═════ Information provided

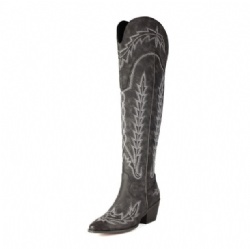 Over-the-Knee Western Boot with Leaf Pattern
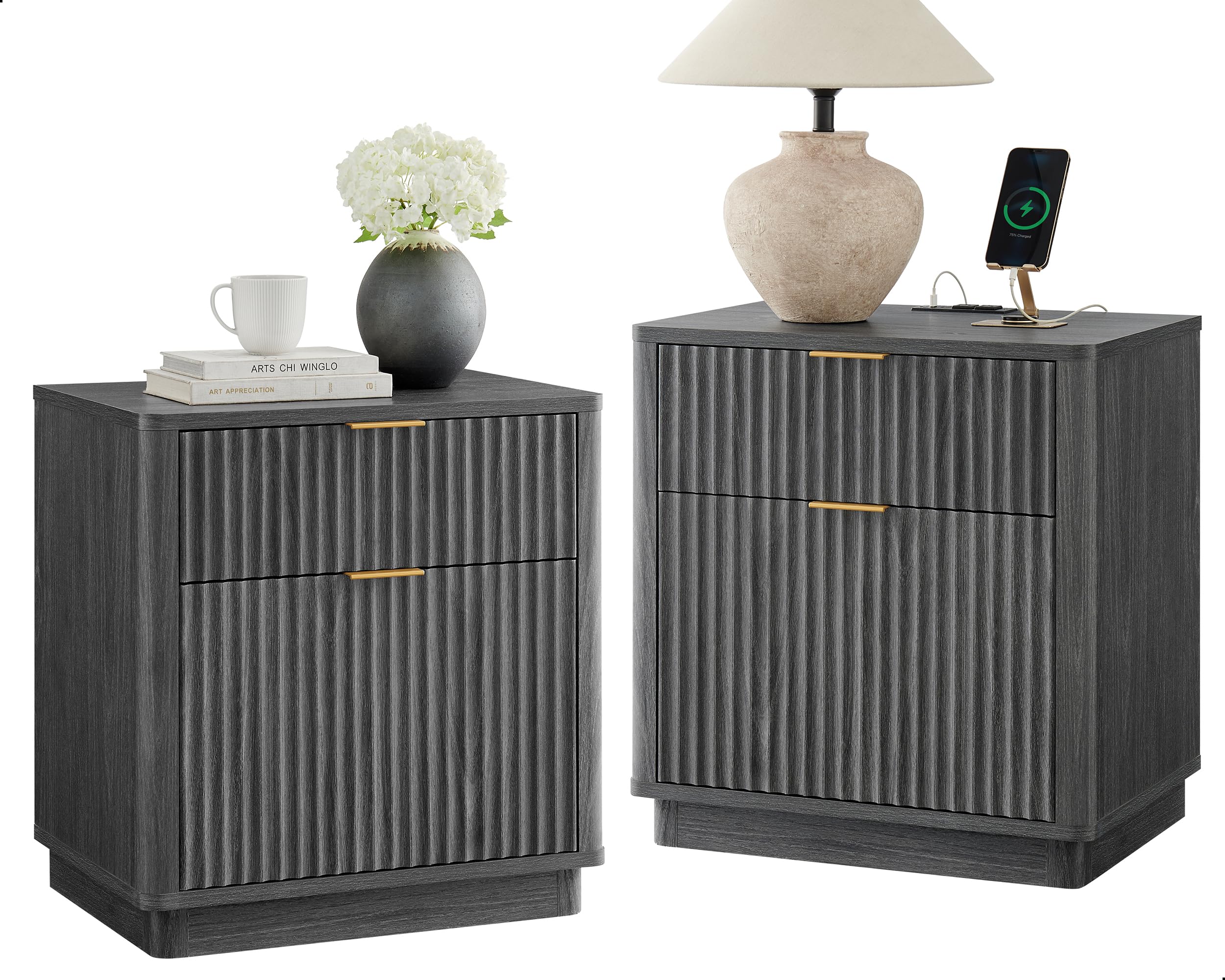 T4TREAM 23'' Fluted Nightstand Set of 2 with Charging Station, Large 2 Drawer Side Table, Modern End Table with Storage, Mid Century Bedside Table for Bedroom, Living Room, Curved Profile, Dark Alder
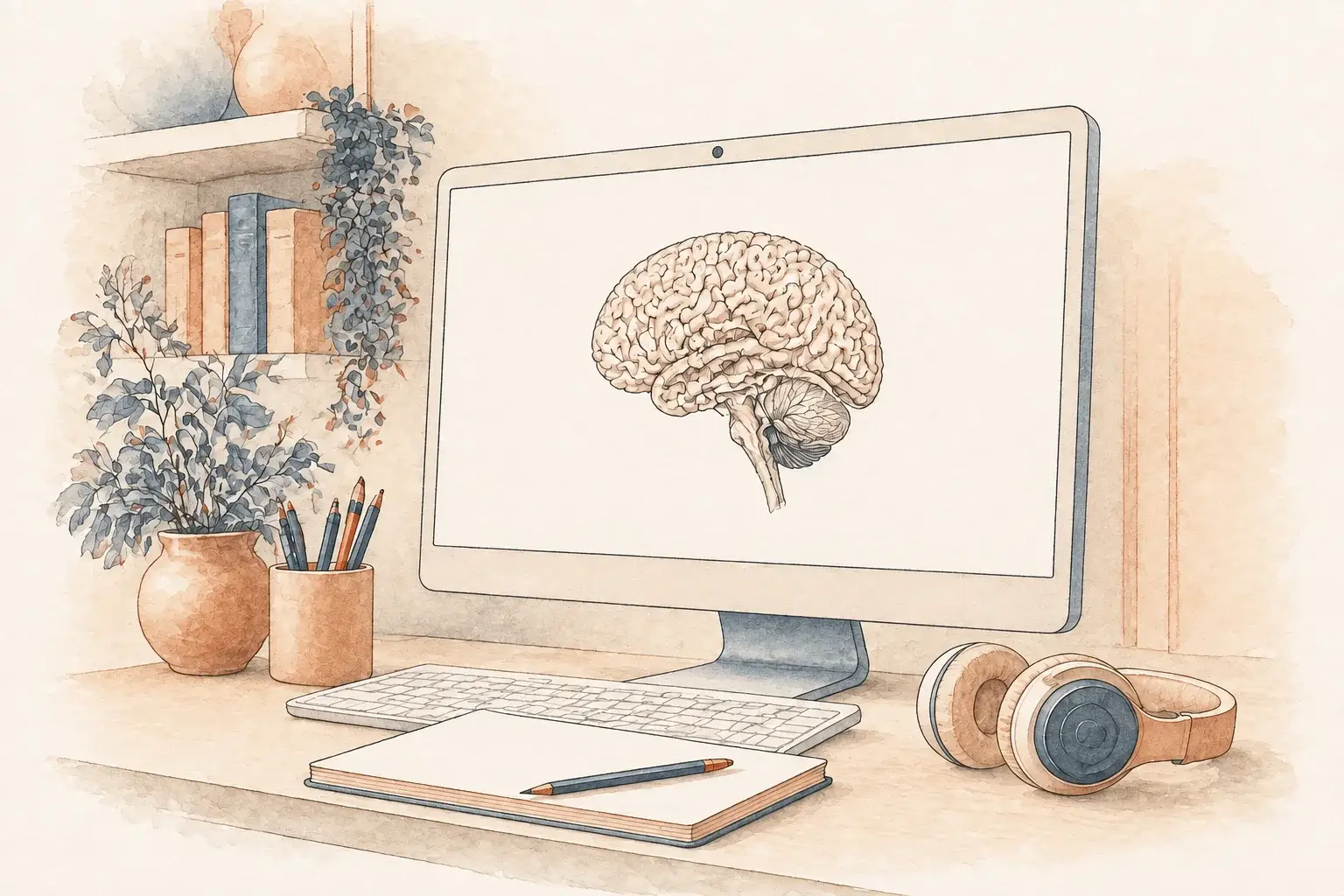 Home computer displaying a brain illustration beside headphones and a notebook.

══════════

=== Exercise aim ===
Could the lines from the top of the material through the line with "T4TREAM 23'' Fluted" be repeated exactly, pictures left out?

=== Exercise answer ===
 Over-the-Knee Western Boot with Leaf Pattern
 T4TREAM 23'' Fluted Nightstand Set of 2 with Charging Station, Large 2 Drawer Side Table, Modern End Table with Storage, Mid Century Bedside Table for Bedroom, Living Room, Curved Profile, Dark Alder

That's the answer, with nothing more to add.